Please produce an exact transcription of the lines from the one containing "Celako™ Vitrae Wall" through the last line of the entries, leaving out every picture.

***** Task inputs *****

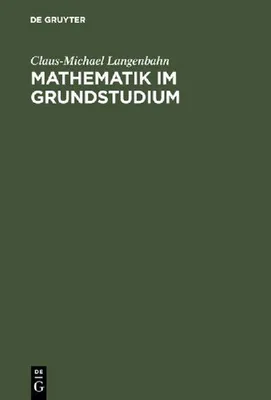 Produktbild von Mathematik im Grundstudium
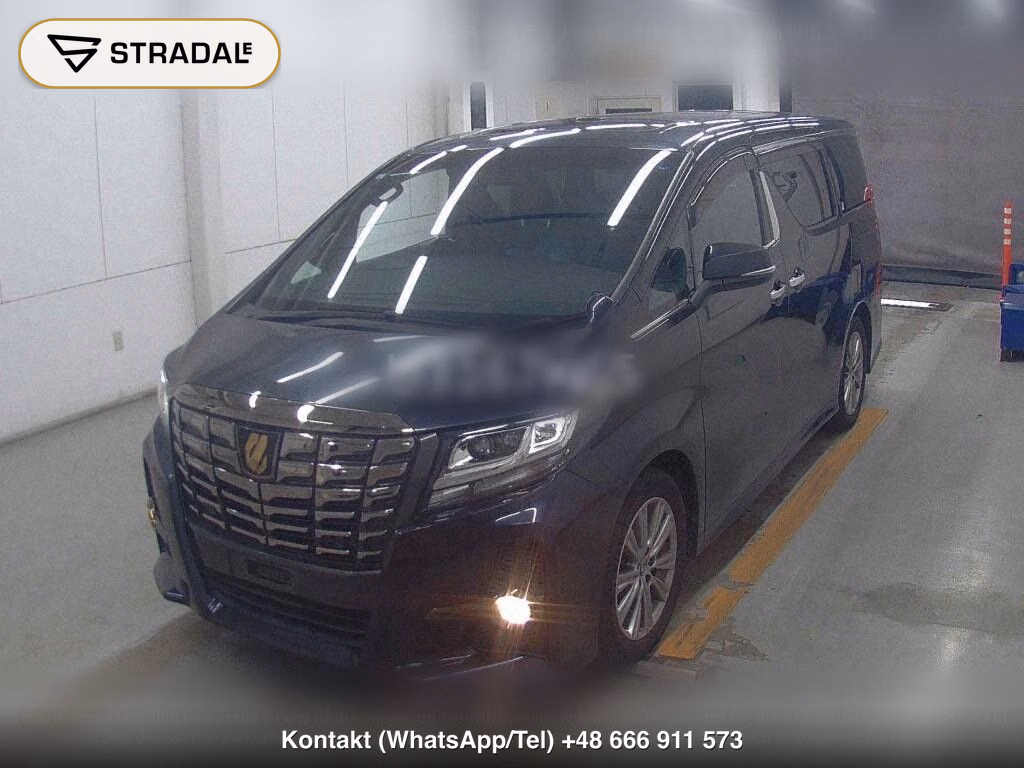 TOYOTA ALPHARD 2.5S A PACKAGE TYPE BLACK, miniaturka 5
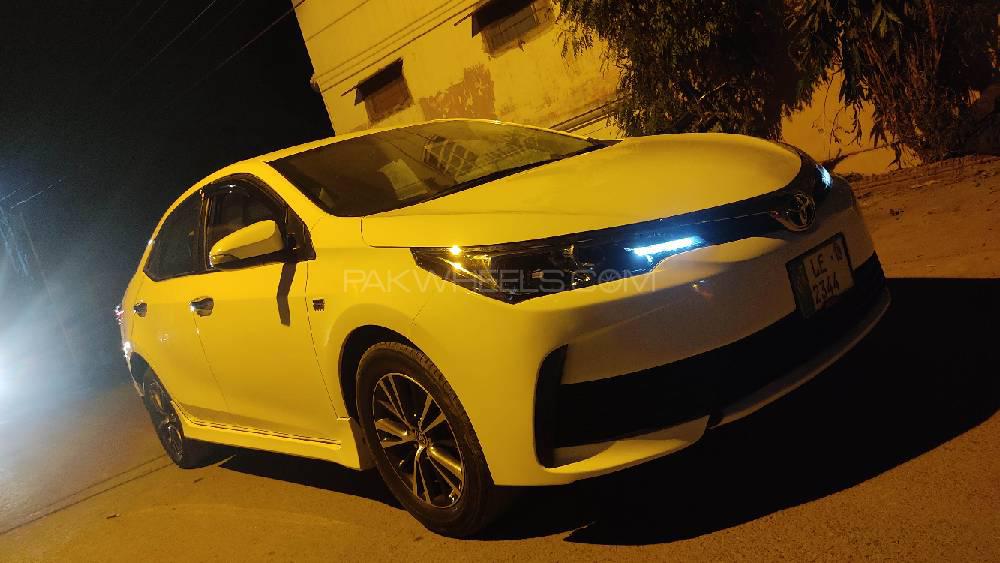 Toyota Corolla 2017 for Sale in Lahore Toyota Corolla 2017 for Sale in Lahore Image-3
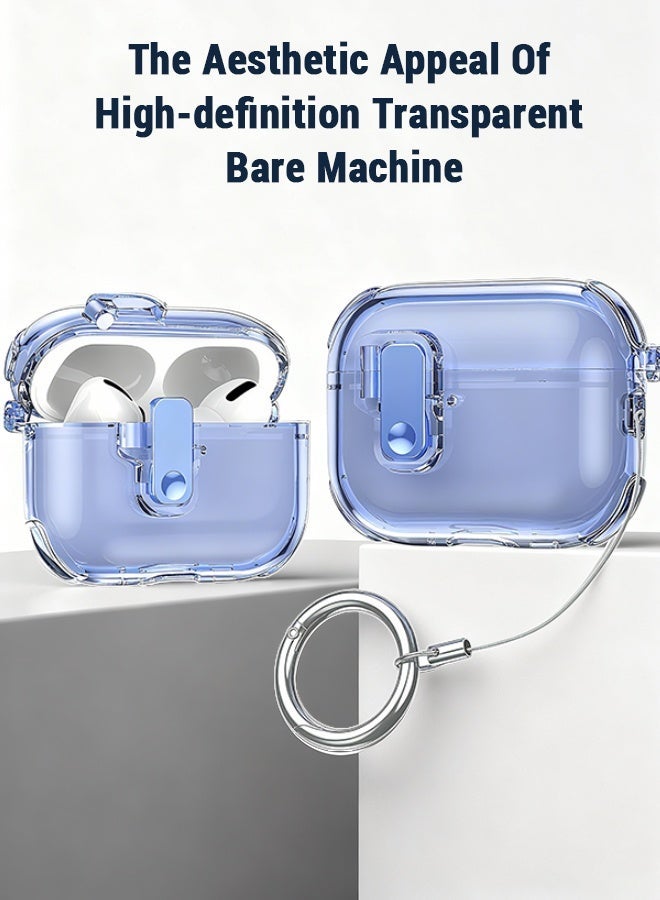 Upgraded Case for AirPods Pro 2- Anti-Yellowing TPU Cover with Secure Lock & Full Protection | Shockproof/Drop-Resistant Design | Sweat Guard & Scratch Defense (Universal Fit for Men & Women) - Image 5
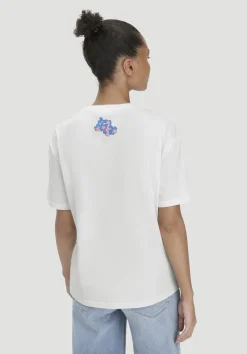 hessnatur Print T-Shirt Oversize LIV LEE aus reiner Bio-Baumwolle von kornblume Online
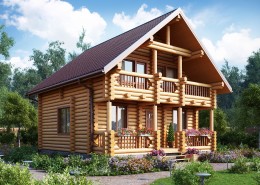 Купить деревянный дом в Беларуси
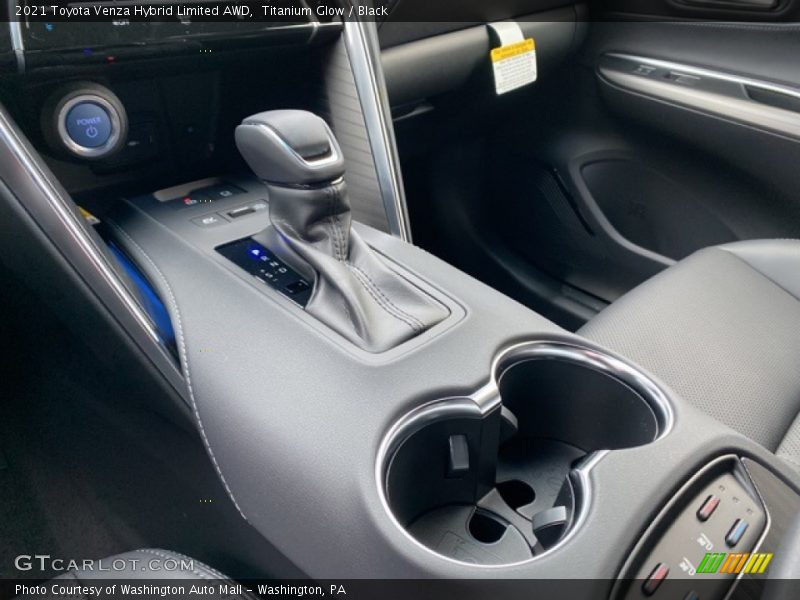 Titanium Glow / Black 2021 Toyota Venza Hybrid Limited AWD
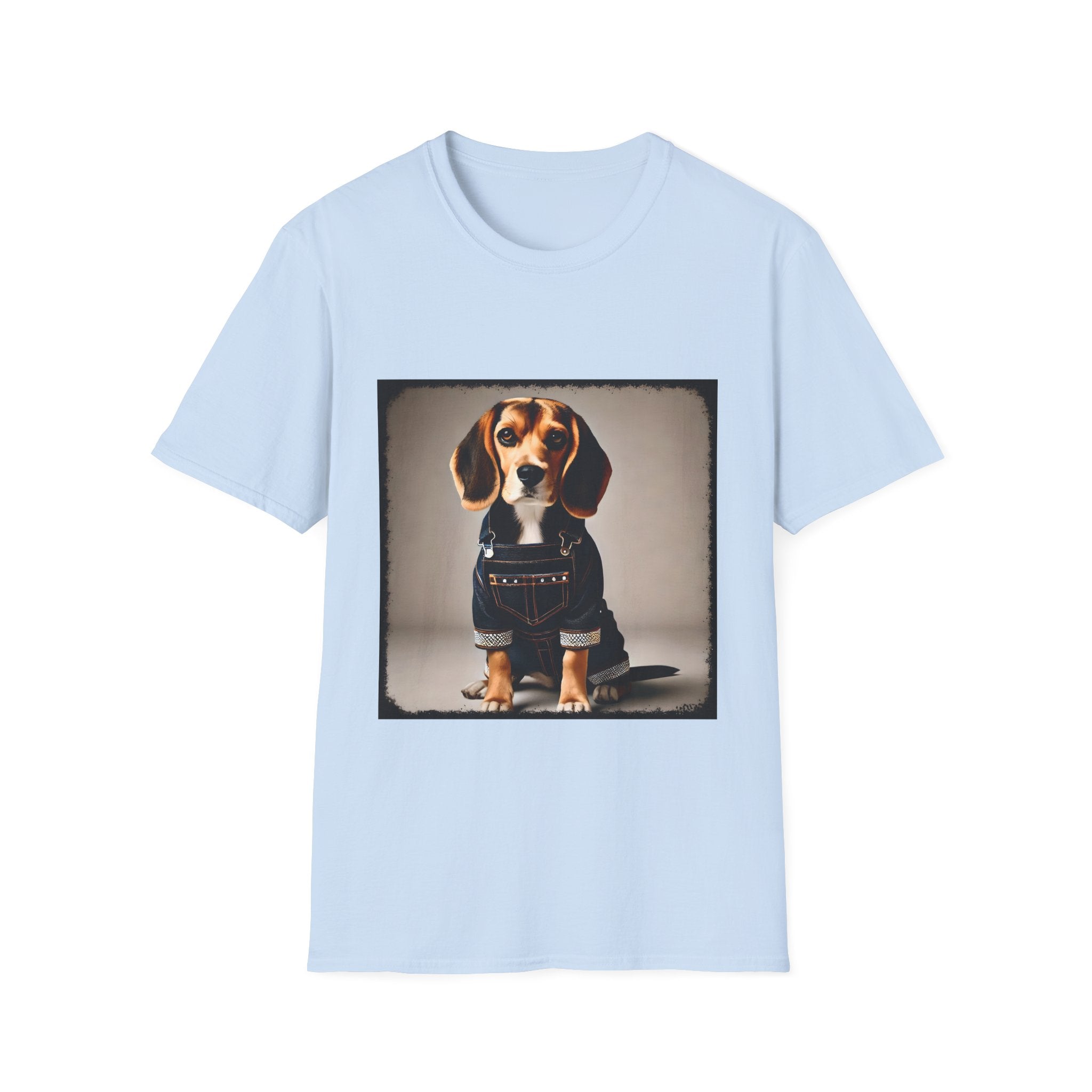 Beagle Denim Dream | Unisex Dog T-Shirt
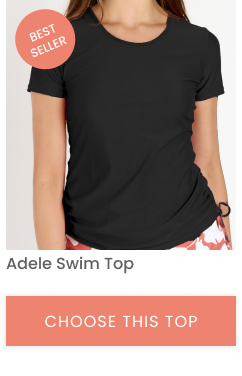 Adele Swim Top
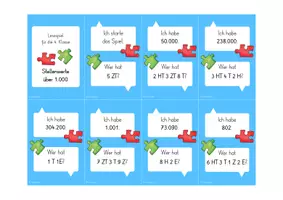 Vorschau - Spiele - Lesespiel: Stellenwerte über 1.000 (Kl. 4) - Seite 3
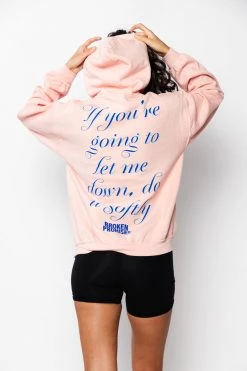 CASH Softly Dyed Hoodie Pink Hoodies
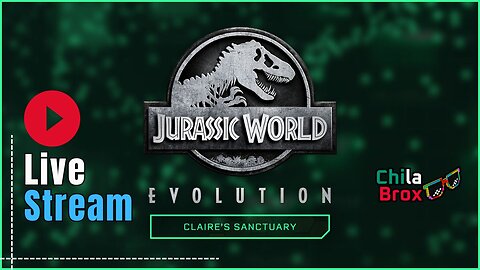 Jurassic World Evolution 🌴 ¡Santuario de Claire al LÍMITE! Desafío Jurásico 🦕⚡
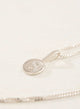 Collar YinYang plata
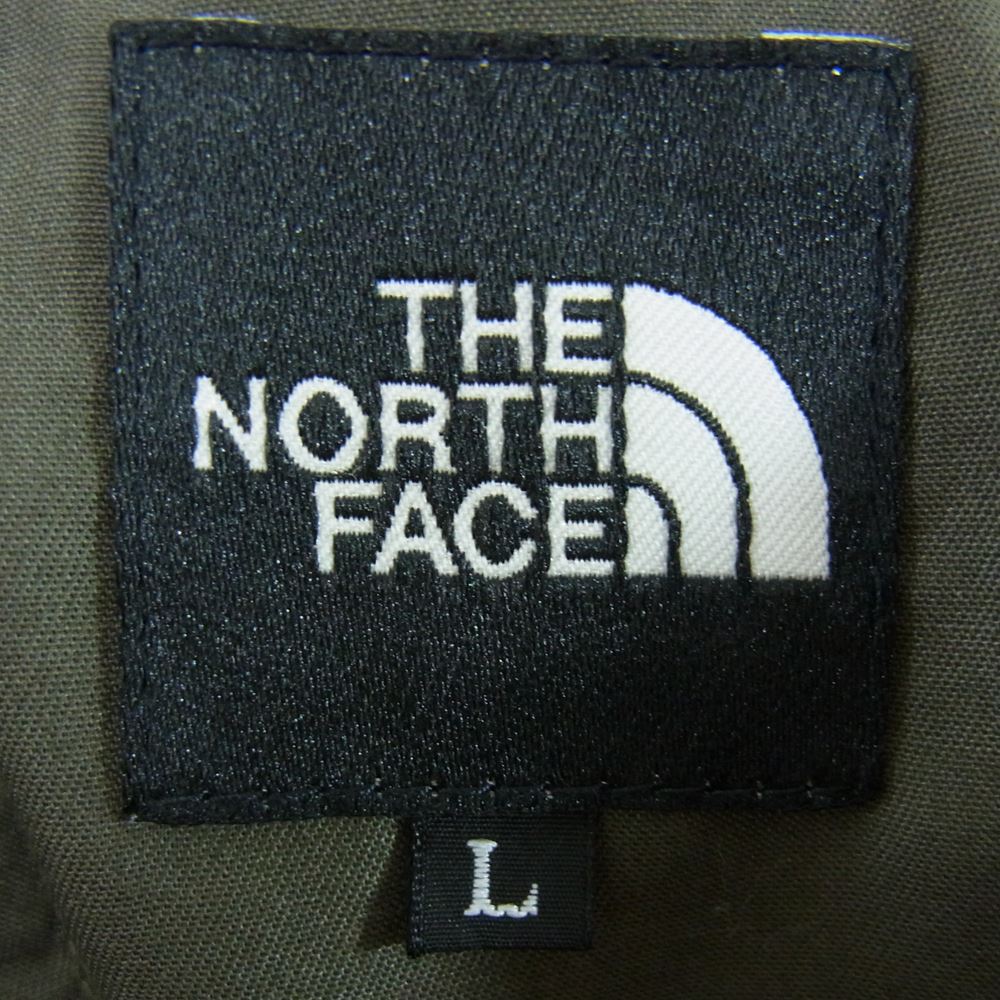 THE NORTH FACE ノースフェイス NB32233 Cotton OX Light Climbing Pant コットン オックス ライト クライミング パンツ カーキ系 L【中古】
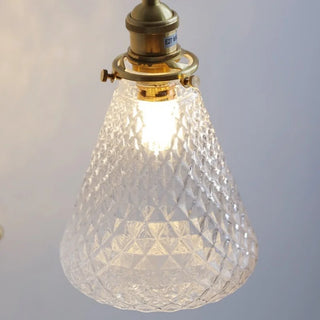Celako™ Vitrae Wall Light | Glass Hallway Lighting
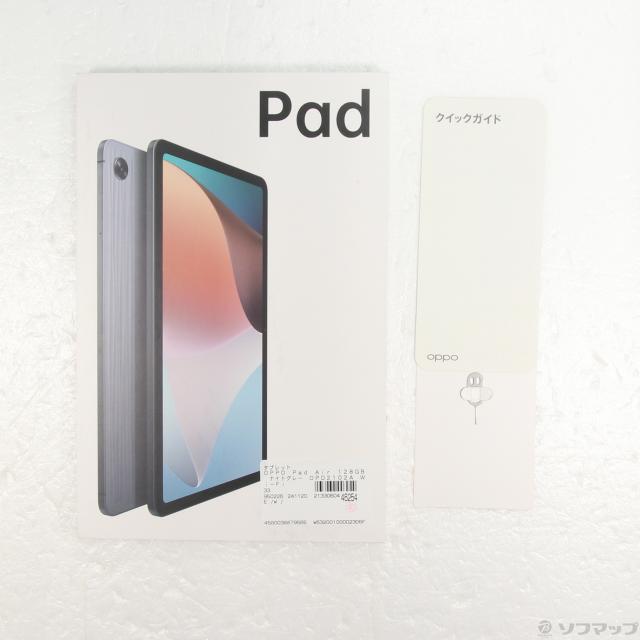 OPPO Pad Air 4GB 64GB OPD2102A ナイトグレー 送料無料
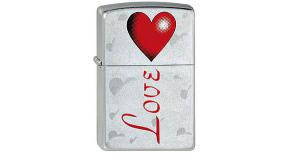 207 Love - Зажигалка ZIPPO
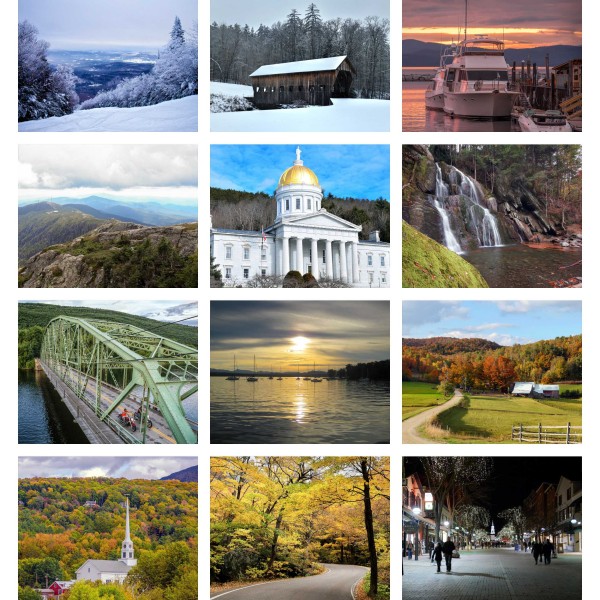 Hilly Havens (Vol. II)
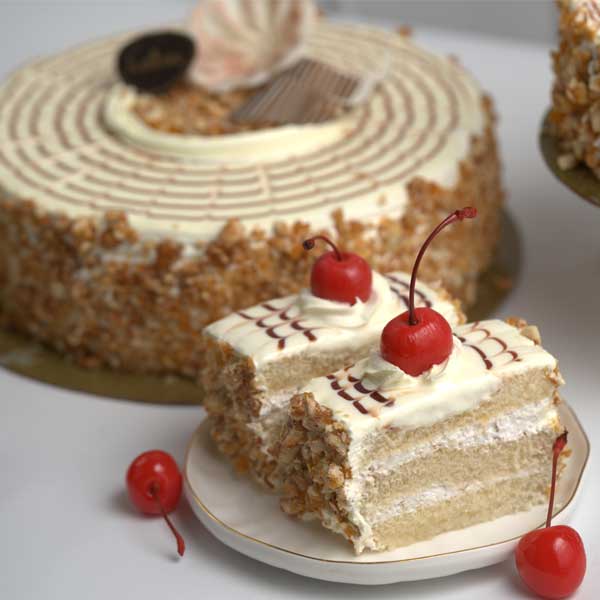 Premium Butterscotch Cake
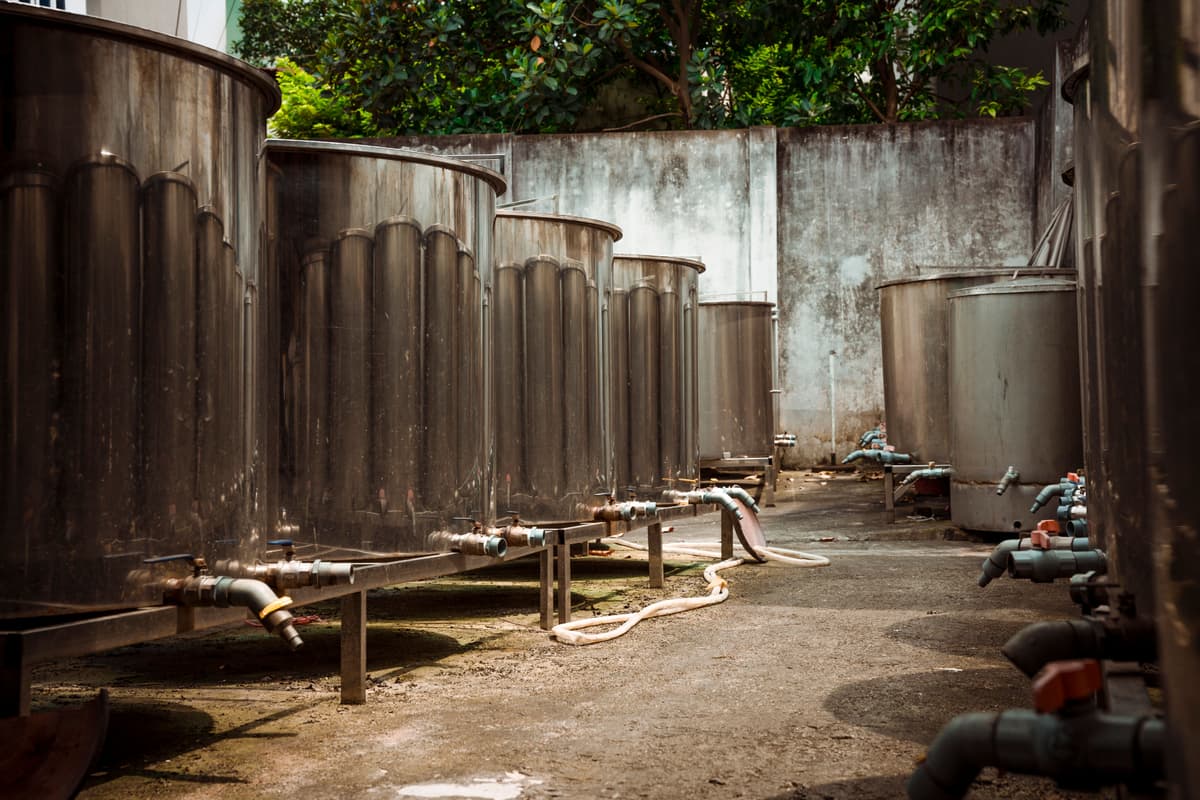 Kuras Ground Tank Beton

*****

» **Exercise output**
Celako™ Vitrae Wall Light | Glass Hallway Lighting
 OPPO Pad Air 4GB 64GB OPD2102A ナイトグレー 送料無料
 207 Love - Зажигалка ZIPPO
 Hilly Havens (Vol. II)
 Premium Butterscotch Cake
 Kuras Ground Tank Beton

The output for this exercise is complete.